Friday, January 1, 2010

THE MISSION FIELD OUTSIDE YOUR FRONT DOOR

Inward focused churches do have an outward focus-missions. Traditionally this is thinking in terms of world or overseas missions. Support is built into these churches' budgets for places like Haiti and India. In some sense this is a proper value because it helps remind such churches that there is more to ministry than maintaining the building,being sure there are regular worship times, and pastoral visits to their own sick and needy.

Unfortunately these churches may have little relationship and little impact on the immediate neighborhood around them. They put up a sign "come one, come all" but often act in ways that would make such a visit a temporary one.

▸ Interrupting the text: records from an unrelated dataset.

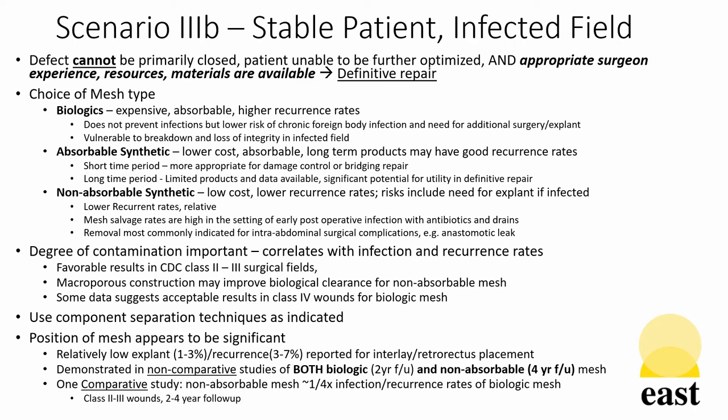Some data suggests acceptable results even in class 4 wounds for biologic mesh used in the definitive repair context. Use of component separation in definitive repair in these cases is indicated. Position of mesh appears to be significant in the rates of recurrence and infection. Relatively low explant and recurrence rates have been reported for the interlay and retrorectus placement with or without transversus abdominis release as indicated. This has been demonstrated in both biologic and non-absorbable synthetic mesh in non-comparative studies, and one comparative study has demonstrated superiority in both infection and explant rates of non-absorbable mesh in class 2 to 3 wounds over biologic mesh.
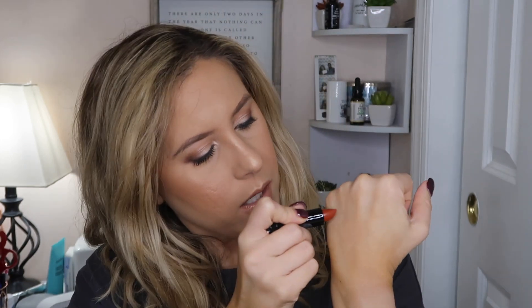Then I got the Kat Von D Scented Kiss Cream Lipstick in the shade Pumpkin. I'm going to go ahead and swatch it... oh, that is a gorgeous shade! I'm obsessed! It's a really pretty rust color — I love it for this time of year. It's just that perfect rust shade.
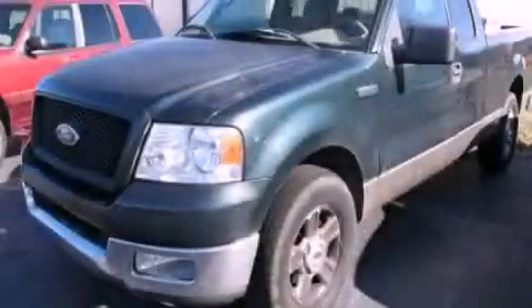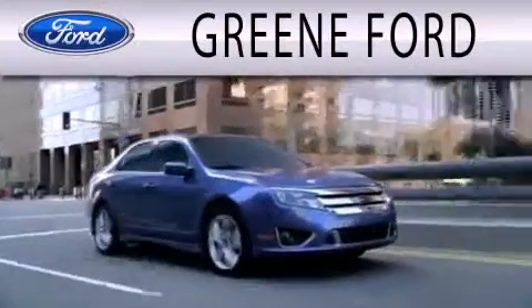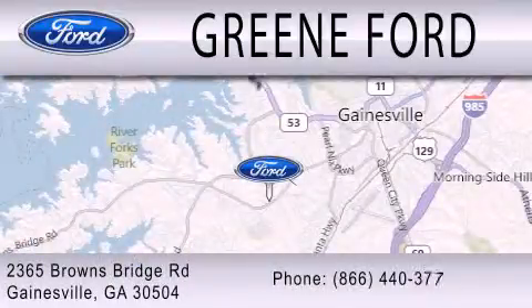Contact us today and schedule your opportunity to see this automobile in person. Green Ford is dedicated to doing everything possible to ensure that the experience you have selecting your next vehicle is as pleasant as possible. We are located at 2365 Browns Bridge Road in Gainesville.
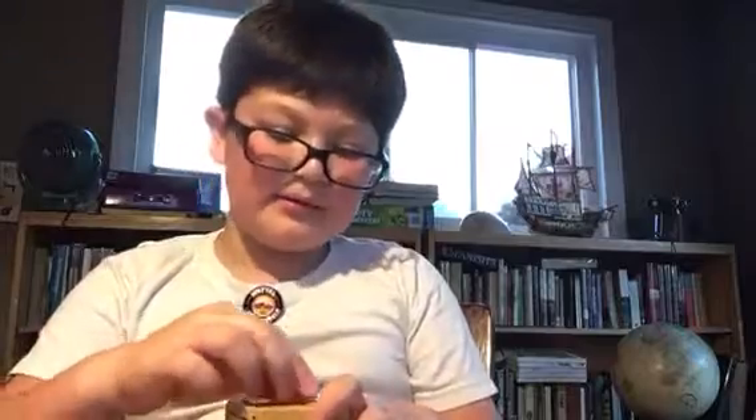Welcome to another video of JD Toy Collections. I'm JD, and I'm here for another video!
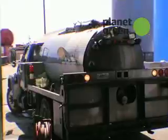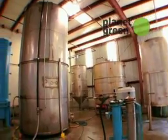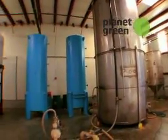Absolutely, let's go. Here's our truck. Once you pump it out of the pump truck, what happens next? Well, it comes over to these settling tanks to get settled and dried, and then it goes into our processing room to be turned into biodiesel.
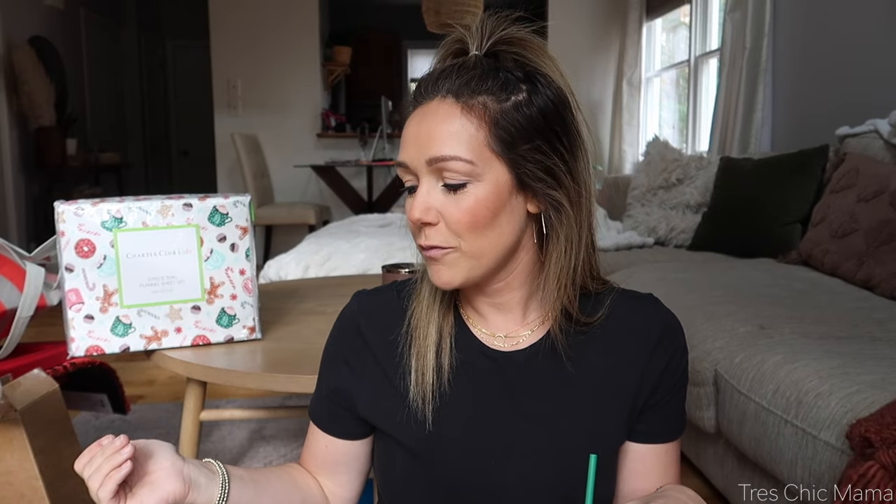We are doing a Christmas decor haul. The things that I've purchased so far for Christmassy home items — I didn't think I would have enough to do an entire video, but turns out I do. So we're going to be decorating very soon. I will have everything I can find linked down below. Some of the things I won't be able to link because they are from like HomeGoods, TJ Maxx, etc., so I will try to let you know where I purchased.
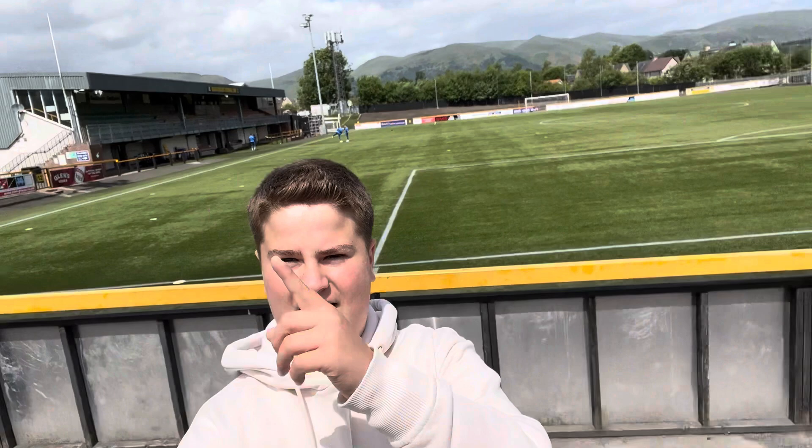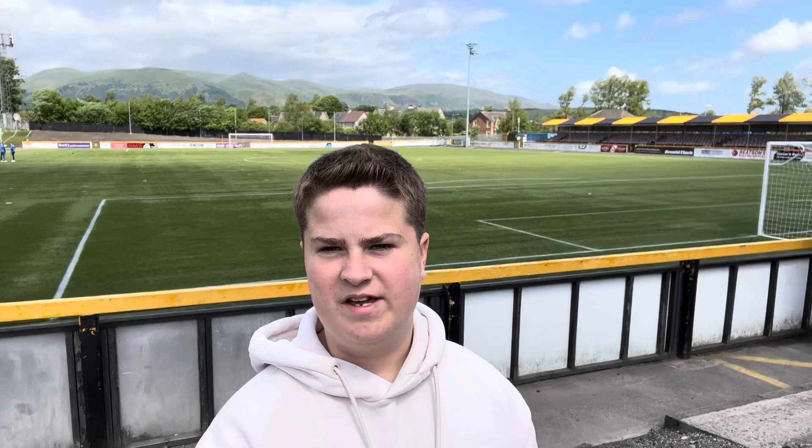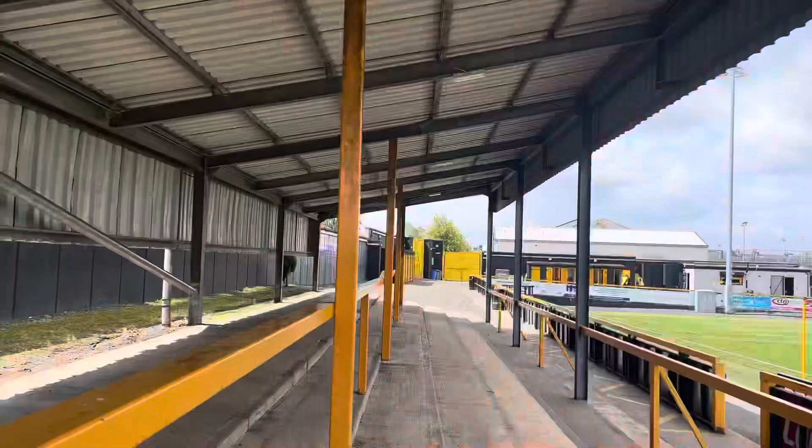Well, first impressions of the Aloha Stadium — we've got a stand there, stand here, stand over there. Pretty decent stadium compared to ones I've seen in the lower leagues of Scotland. Thanks to Aloha for letting me in early to take a few shots of the stadium.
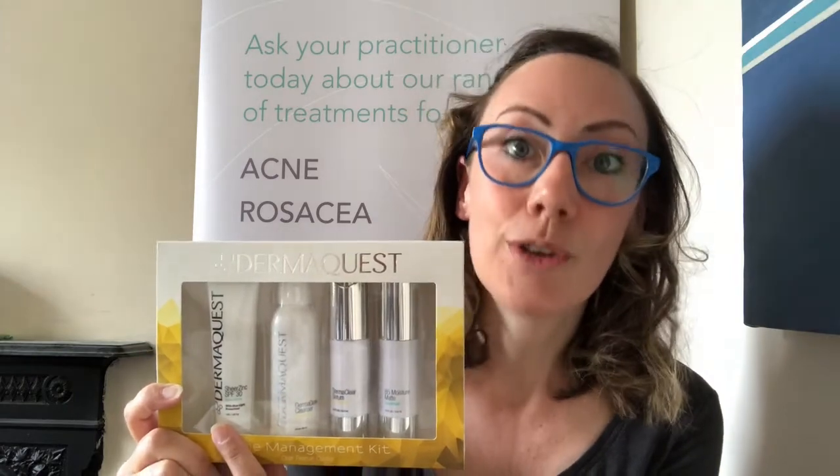Using these three products night and day you're going to see a really good result. The other product also included in the kit is the SPF, of course. You want to make sure you're protected from the sun every single day, but you don't need to use this product at night time.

These churches also tend to think of their nation (even if they are fearful of their own immediate neighborhood) as a Christian nation. At best they see their society as only a few steps off God's mark. Now only a good piece of political activism or a dose of religion in the schools will set that right and they can go about living comfortable lives until our Lord returns.

What they fail to realize is that our own country is not essentially a political version of the Kingdom of God. It is a mission field--where Christianity is a counter-cultural entity. Only about 14-15% of Americans in 2009 could be found in a Christian church on a Sunday morning. People go about their business of living with little reference to a biblical faith. Organized Christianity is often viewed with suspicion--as if Christianity would undermine the larger pluralistic and relativistic values of the prevailing culture.

Those who recognize this tend to focus on something they perceive has been lost, circling their emotional wagons and digging in lest any more be lost to an immoral surrounding society.

What such a reality provokes (and it is reality for most communities)in outward-focused and missional churches is the admission that the mission field begins at the front door. On a mission field in a foreign land, the missionaries put their best efforts of changing hearts of non-Christians one-by-one by reconciling them to God through Jesus Christ. They engage in practical ministry towards the physical needs of their target community through things like medical care, quality eduction, irrigation projects and clean drinking water. These are done to bear witness to the target community that the God they represent is concerned about the needs of the whole person and to develop a level of trust for the deeper need of helping people find Jesus Christ.

The mission field in America now starts at the front door--and outward focused churches take their cue from their mentors in cross-cultural missions.